**TRY IT:**
All that should come back is the lines of the data below from the one containing "WHISKAS JUNIOR MACKAREL" to the one containing "小额网贷20000元网贷代理平台，哪个平台借钱最容易通过的8个平台介绍", inclusive, exactly as they stand.

**EXCERPTED RECORDS:**
-- Opening Marker --
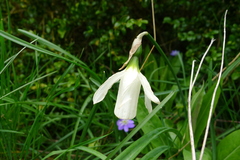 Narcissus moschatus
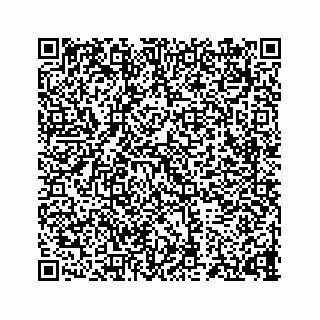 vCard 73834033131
-- Closing Marker --
-- Opening Marker --
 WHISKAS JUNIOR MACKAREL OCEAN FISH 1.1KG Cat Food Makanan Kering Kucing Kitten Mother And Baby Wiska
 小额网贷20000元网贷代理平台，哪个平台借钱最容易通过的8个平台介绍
-- Closing Marker --
**TASK ANSWER:**
 WHISKAS JUNIOR MACKAREL OCEAN FISH 1.1KG Cat Food Makanan Kering Kucing Kitten Mother And Baby Wiska
 小额网贷20000元网贷代理平台，哪个平台借钱最容易通过的8个平台介绍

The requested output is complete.